October 25, 2012
Title: The Acquisition of Communicative Style in Japanese
Author: Patricia M. Clancy
Author’s Info: Associate professor and Chair of the Department of Linguistics at the University of California, Santa Barbara. She’s interested in language acquisition because she thinks that if we could understand what grammar is for the very young children, we would gain insight into its true nature.
Date Published: 1986
Key Points:
1. The Japanese communicate in an intuitive and indirect way when it’s compared to Americans.
• Verbosity in Japan has been looked down upon. They rely heavily on non-verbal behavior. Their cultural values emphasize omoyari which means ‘empathy’ over verbal communication.
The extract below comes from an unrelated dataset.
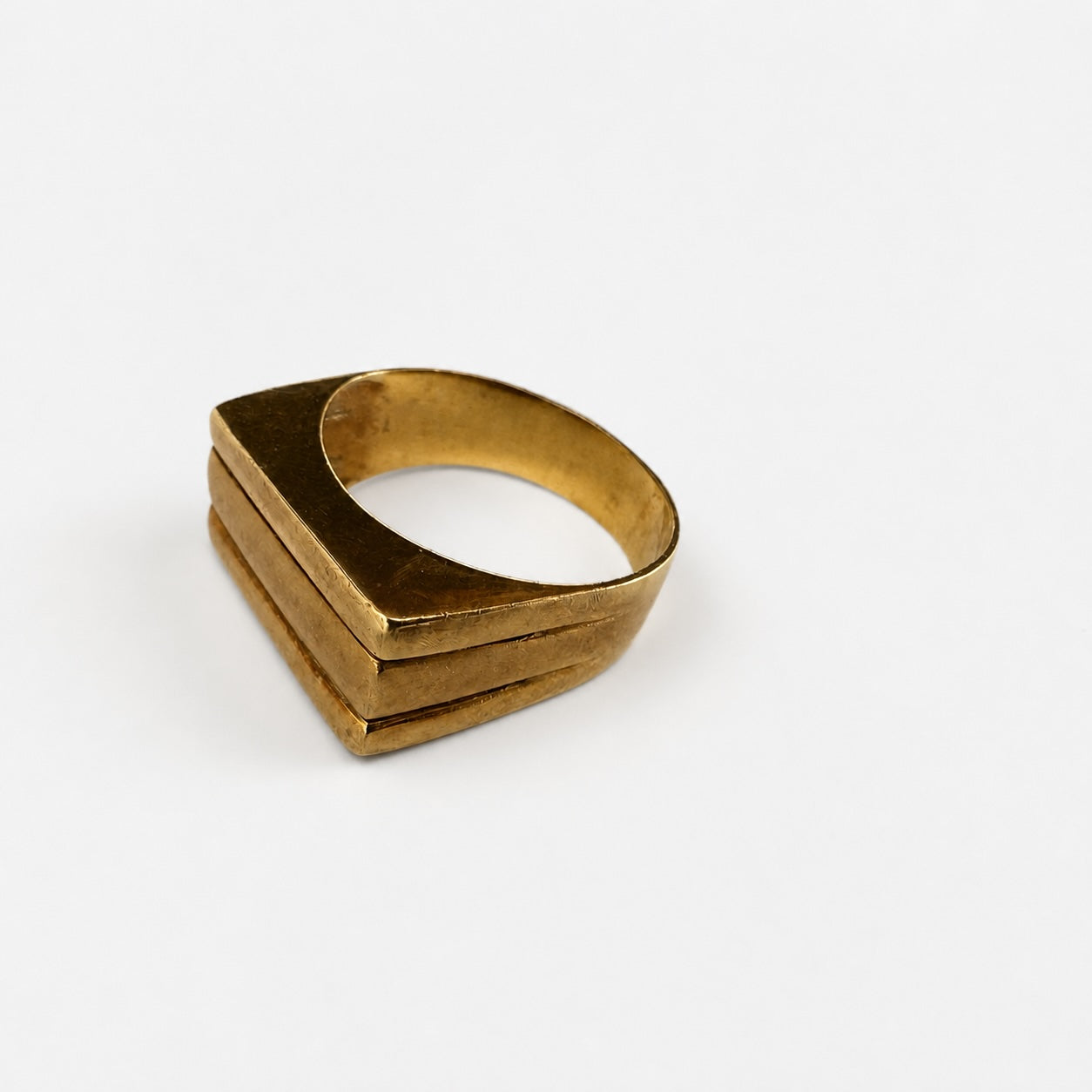 Vintage 18K Gold Geometric Modernist Ring, Unisex Stepped Statement Design, 18 ct Gold Tank Ring, Size 6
• They tend to talk a lot less that we do.
• Their rhetorical patterns are what you can call “circular”. In other words, they use analog thinking and go in circles before reaching a conclusion; which means they always think before they talk. Their communication is often inexplicit and indirect.
2. Japanese is a left-branching verb-final language, with negation appearing as a verb suffix. This means that the speaker can negate a sentence at the last moment, depending on the addressee’s expression.
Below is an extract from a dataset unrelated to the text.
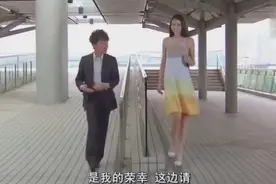 王祖蓝和熊黛林拍戏，这身高差也太萌了视频封面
• For example, in this conversation.
-“It isn’t that we can’t do it this way,” one Japanese will say.
-“of course,” replies his friend, “we couldn’t deny that it would be impossible to say that it couldn’t be done.”
- “but unless we can say that it can’t be done,” says his friend, “it would be impossible not to admit that we couldn’t avoid doing it.” Basically what they are saying is the following:
- “Yes, we can do it this way”
- “of course it’s possible to do”
- “unless we can say we can’t, it’s possible to do it”
Americans is likely to find this way of speech mind blogging to process. But this is their way of being reserved, cautious and evasive.
3. This doesn’t mean that they don’t express their own thoughts and feeling.